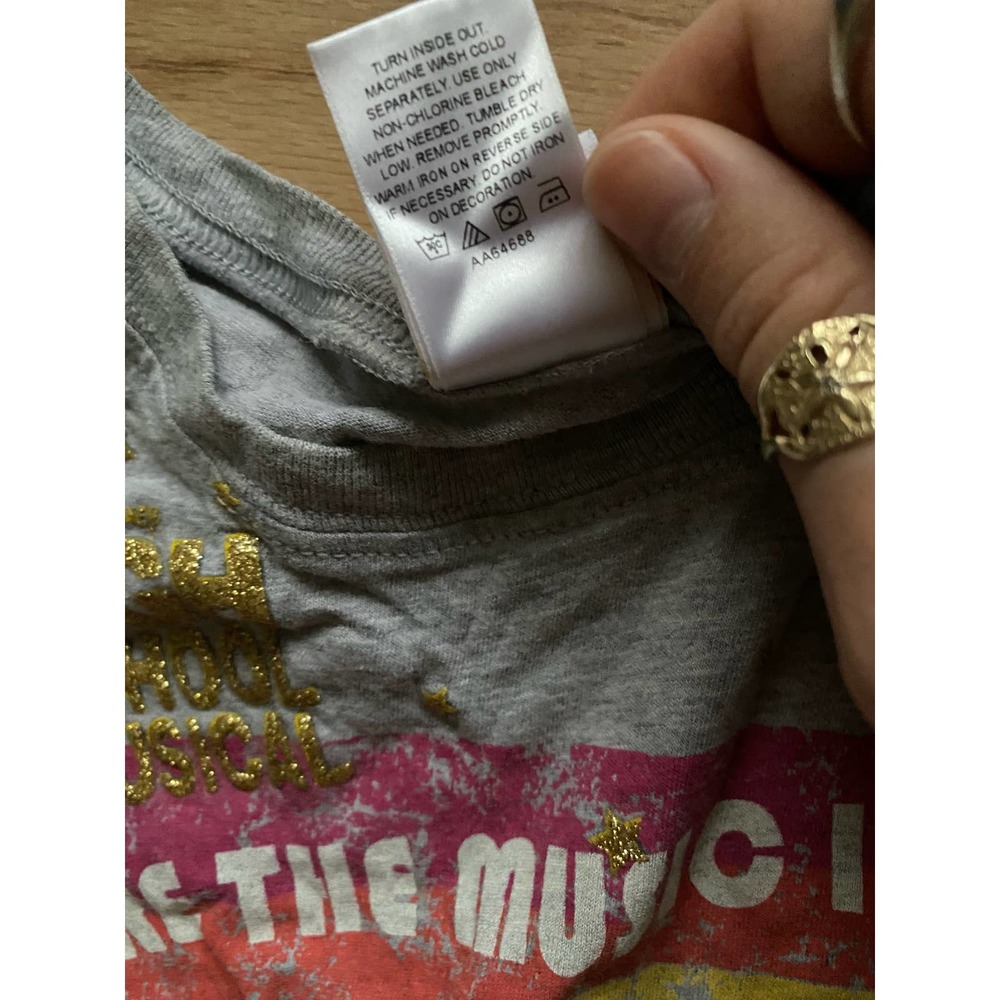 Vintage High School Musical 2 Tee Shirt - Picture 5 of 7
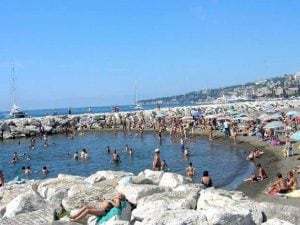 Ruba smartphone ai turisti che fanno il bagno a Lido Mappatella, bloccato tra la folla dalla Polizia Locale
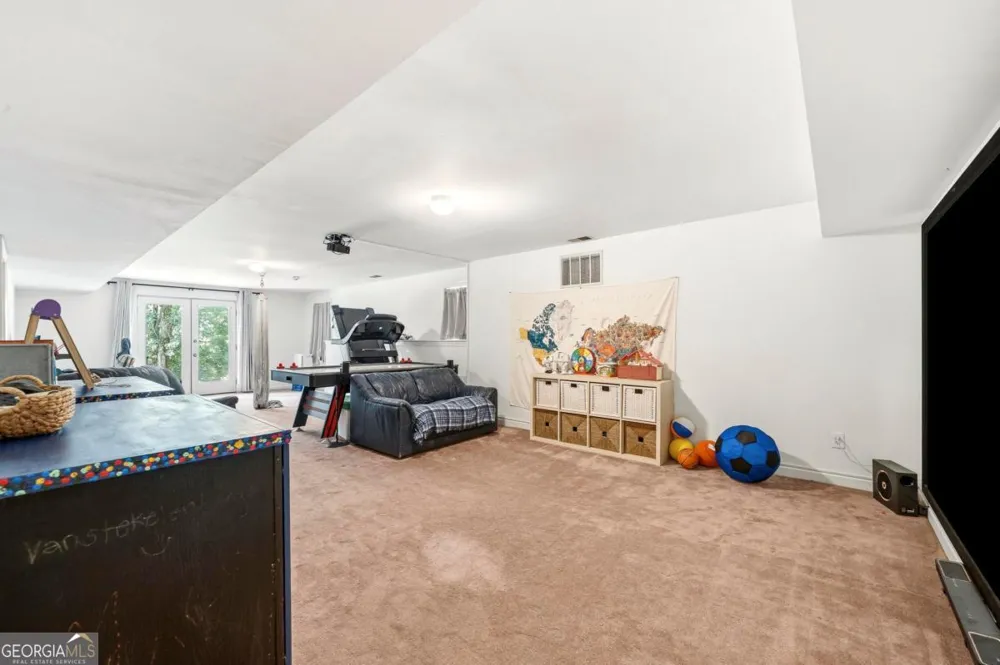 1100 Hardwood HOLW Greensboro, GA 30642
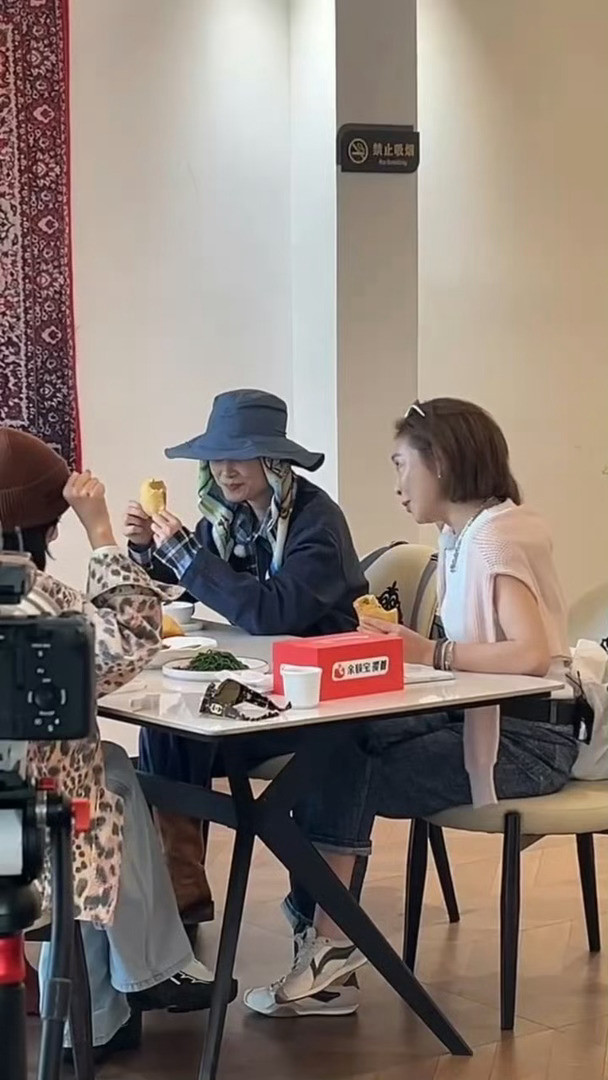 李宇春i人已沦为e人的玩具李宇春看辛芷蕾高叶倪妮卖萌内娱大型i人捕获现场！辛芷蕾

** ACTIVITY **
Take the lines from the one that contains "Ruba smartphone ai" down to the last line of the listing above, both included, and set them down exactly, leaving out pictures.

** YOUR SOLUTION **
 Ruba smartphone ai turisti che fanno il bagno a Lido Mappatella, bloccato tra la folla dalla Polizia Locale
 1100 Hardwood HOLW Greensboro, GA 30642
 李宇春i人已沦为e人的玩具李宇春看辛芷蕾高叶倪妮卖萌内娱大型i人捕获现场！辛芷蕾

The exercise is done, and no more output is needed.